Thread-based incident tracking
For outages lasting more than 5 minutes, create a Discord thread on the alert message to keep status updates out of the main channel. The main channel message becomes the incident summary; the thread contains the timeline of updates.
// Create a thread on the alert message when downtime exceeds 5 minutes
async function createIncidentThread(messageId, serverName) {
const resp = await fetch(
`https://discord.com/api/v10/channels/${CHANNEL_ID}/messages/${messageId}/threads`,
{
method: 'POST',
headers: {
'Content-Type': 'application/json',
'Authorization': `Bot ${DISCORD_BOT_TOKEN}`, // requires bot, not just webhook
},
body: JSON.stringify({
name: `Incident: ${serverName} — ${new Date().toISOString().slice(0, 10)}`,
auto_archive_duration: 1440, // archive after 24h of inactivity
}),
}
);
return (await resp.json()).id; // thread channel ID
}
async function postThreadUpdate(threadId, message) {
await fetch(`https://discord.com/api/v10/channels/${threadId}/messages`, {
method: 'POST',
headers: {
'Content-Type': 'application/json',
'Authorization': `Bot ${DISCORD_BOT_TOKEN}`,
},
body: JSON.stringify({ content: message }),
});
}
Thread creation requires a Discord bot token (not just a webhook URL) because webhooks cannot create threads via the webhook API directly. If you prefer not to create a bot, post thread updates as regular messages in a dedicated #incident-log channel and reference the alert message with a message link.
Role setup for MCP server on-call
Create a Discord role named @mcp-oncall and assign it to yourself and any team members who should be paged for MCP server incidents. In Discord's notification settings for the server, set this role to always notify (bypass user's notification settings for server-level). On mobile, add the Discord server to your notification exceptions so role pings wake you up even when the phone is on DND — but note this is less reliable than PagerDuty's guaranteed phone call.
For a team with rotation, manually update the @mcp-oncall role membership at the start of each shift. If your team uses Google Calendar for on-call rotation, you can automate role membership updates with a small script that reads the calendar event and calls the Discord API to add/remove the role.
Layering Discord with PagerDuty
The most robust MCP server alerting setup combines Discord for visibility with PagerDuty for guaranteed escalation. The pattern:
- AliveMCP fires the webhook to your bridge.
- Your bridge simultaneously posts to Discord (for team awareness and community communication) AND calls PagerDuty Events API (for guaranteed on-call notification).
- The on-call person acknowledges in PagerDuty (which stops the escalation) and posts a status update in the Discord incident thread (which keeps the community informed).
- When the server recovers, AliveMCP sends
alert.resolved, your bridge updates both the Discord message (green embed) and resolves the PagerDuty incident.

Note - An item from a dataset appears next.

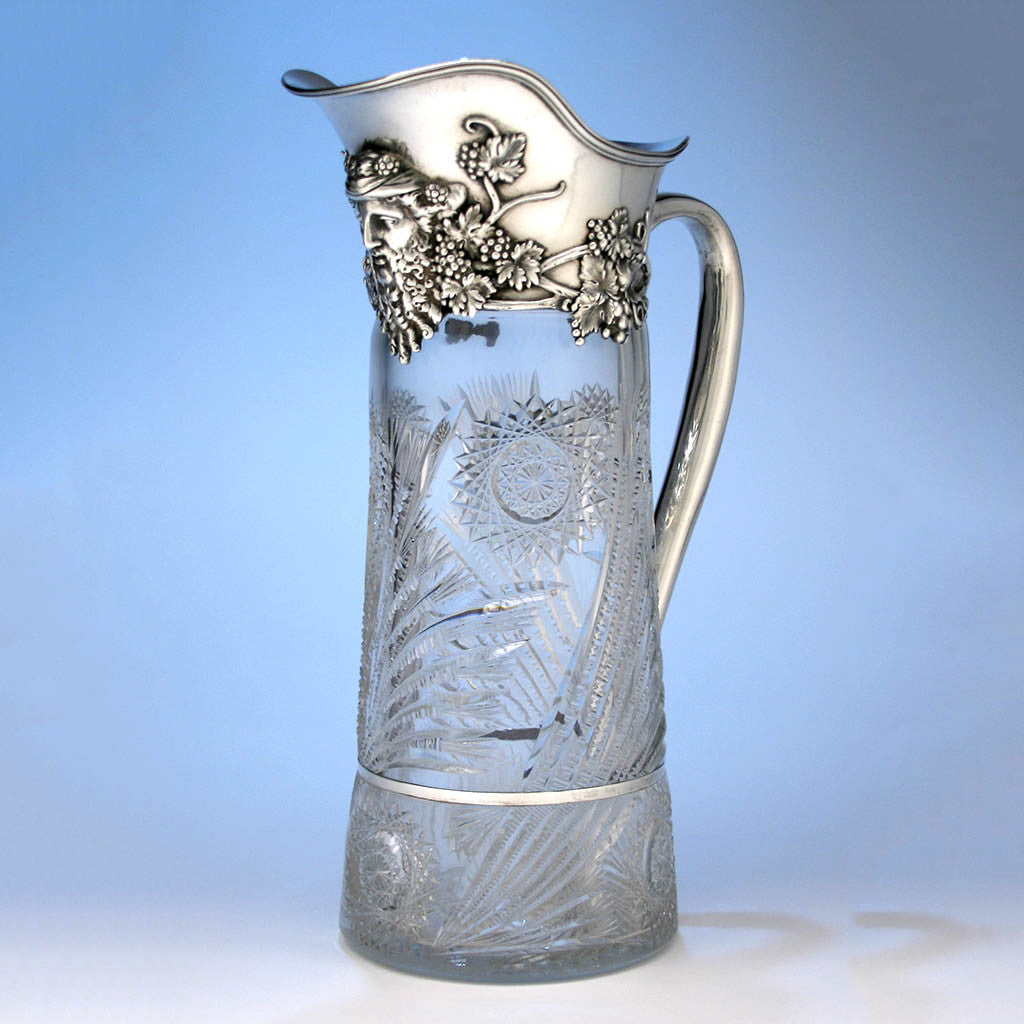 Tiffany & Co. Massive Antique Sterling Silver and Cut Glass Pitcher, 1902-1907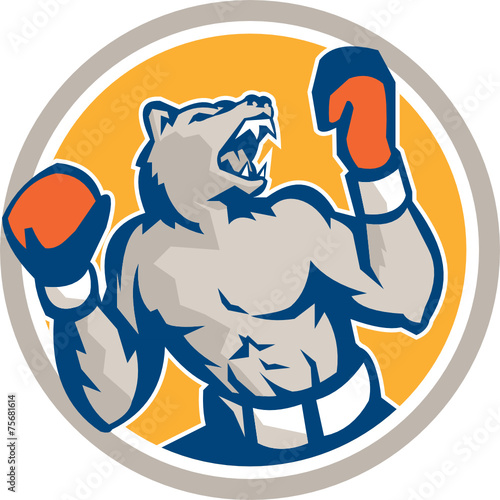 Angry Bear Boxer Gloves Circle Retro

This pattern is standard practice for teams that have community MCP servers: Discord for the public-facing status thread, PagerDuty for the private on-call page. The Discord thread also serves as the public incident timeline if users ask "what happened?"
Frequently asked questions
Do I need a Discord bot or is a webhook URL sufficient?

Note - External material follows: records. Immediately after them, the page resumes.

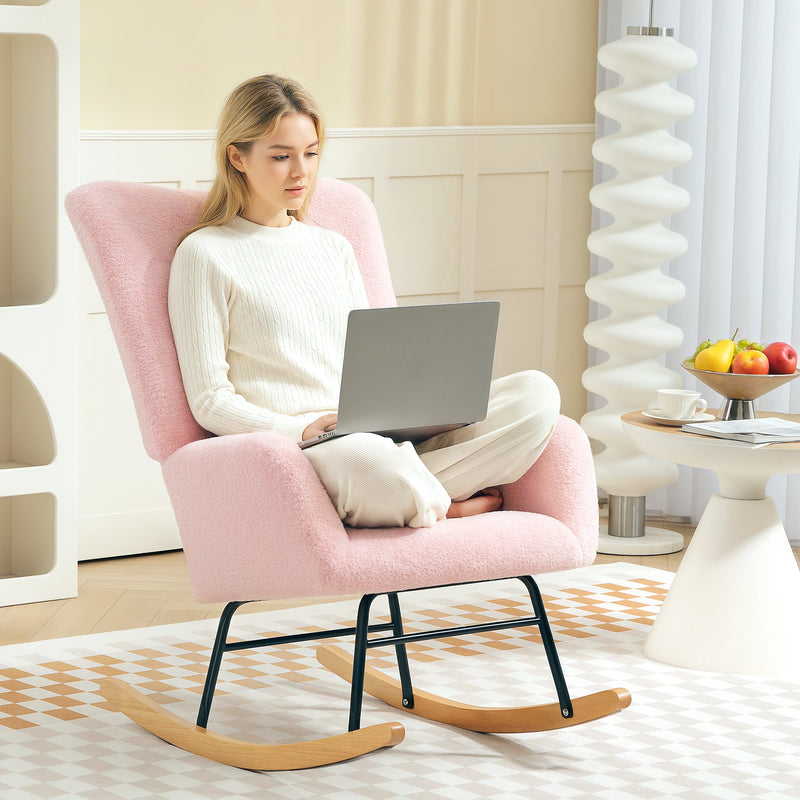 HOMCOM Rocking Chair, Modern Armchair with Backrest for Bedroom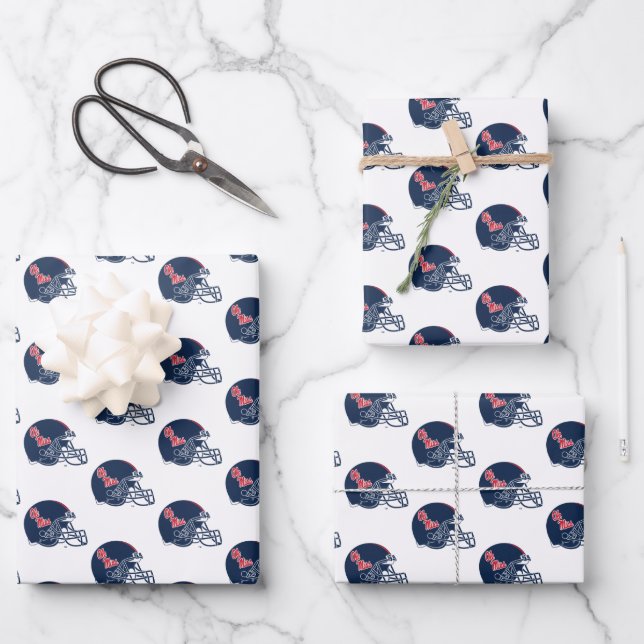 Ole Miss Football Helmet | Dark Blue Wrapping Paper Sheet (Front)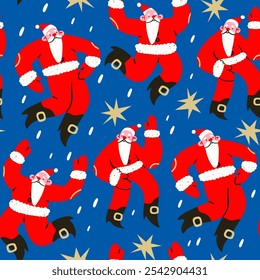 Dancing, jumping happy Santa Claus. Cheerful cute characters. Christmas, New year celebration concept. Cartoon flat style. Hand drawn trendy Vector illustration. Square seamless Pattern, background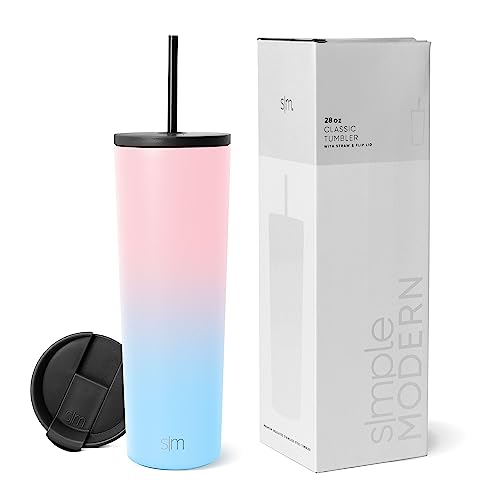 Image of Simple Modern Insulated Tumbler with Lid and Straw | Iced Coffee Cup Reusable Stainless Steel Water Bottle Travel Mug | Gifts for Women Men Her Him | Classic Collection | 28oz | Sweet Taffy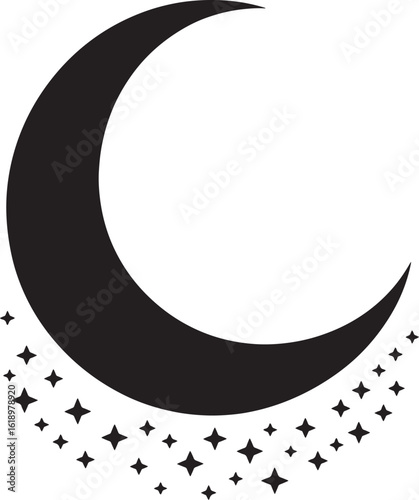 Crescent Moon Silhouette with Stars Vector Illustration Night Sky Lunar Phase Astronomy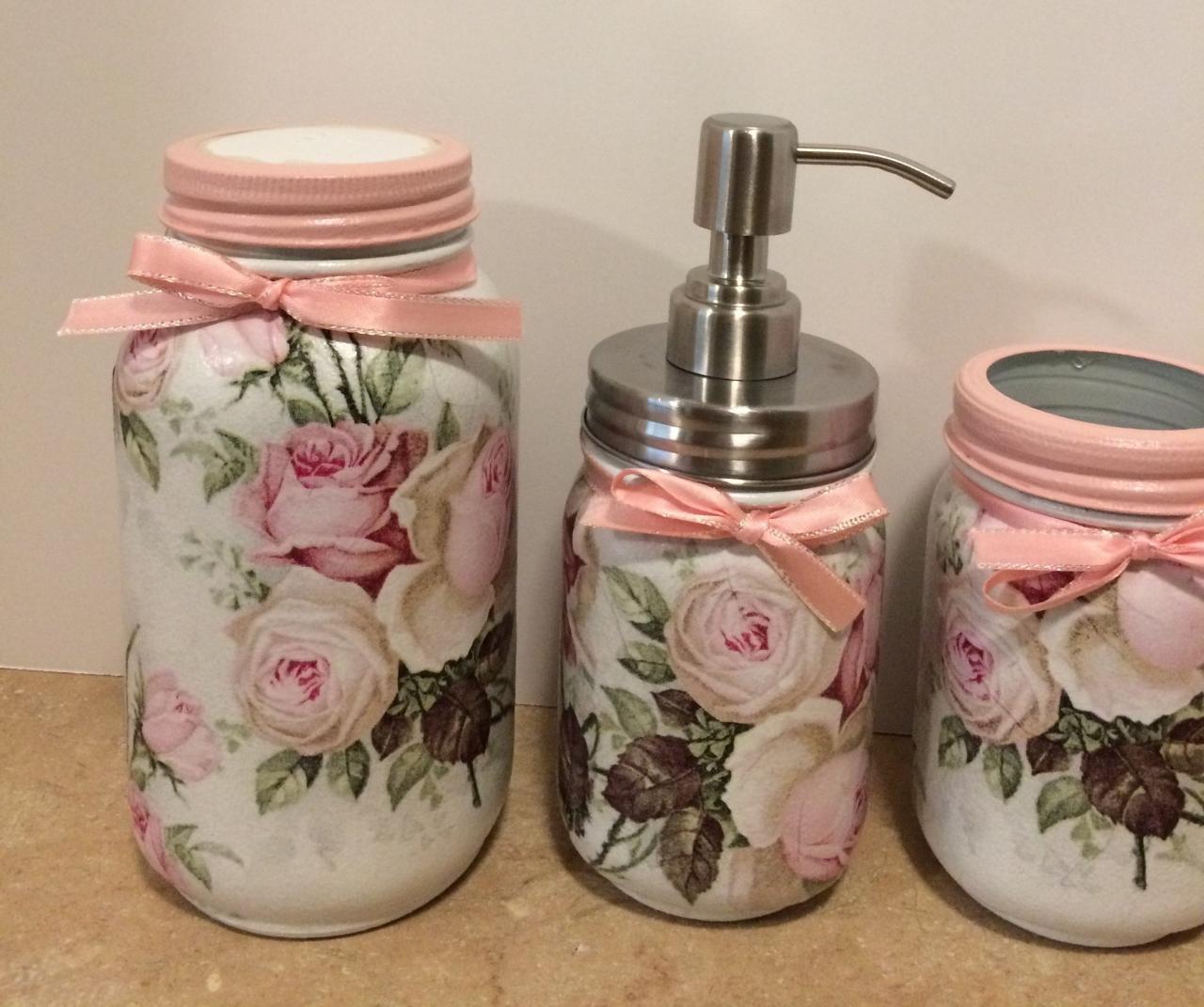Mason Jar Bathroom set,Mason Jar Decor,Rose Decor,Pink Rose Decor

A webhook URL is sufficient for the basic alert posting and message editing flow. You only need a Discord bot (with a bot token) if you want to create threads programmatically, manage role membership automatically, or interact with messages in ways the webhook API doesn't support (like reacting with emoji to acknowledge an alert). For most indie MCP authors, a webhook URL is enough: post the alert, edit it on updates, edit again on resolve. If you want thread creation, consider using the Discord.js library with a bot account, or accept the simpler workaround of posting thread updates as messages in a separate channel.
How do I store the Discord message ID between AliveMCP webhook calls?
In the code above, messageIdStore is an in-memory Map — fine for a single-process server but lost on restart. For a production bridge, store the message ID in a persistent store keyed by server_slug. If you are running the bridge as a Cloudflare Worker, use Cloudflare KV. If it is a Node.js process, use a SQLite file or Redis. If it is a serverless function (Vercel, AWS Lambda), use DynamoDB or an edge KV store. The message ID record should expire after 24 hours — if no alert.resolved event arrives within 24 hours, the server has been down for a very long time and the original Discord message has likely scrolled out of context anyway; the next trigger event should create a fresh message.
What embed color scheme works best for MCP server alert states?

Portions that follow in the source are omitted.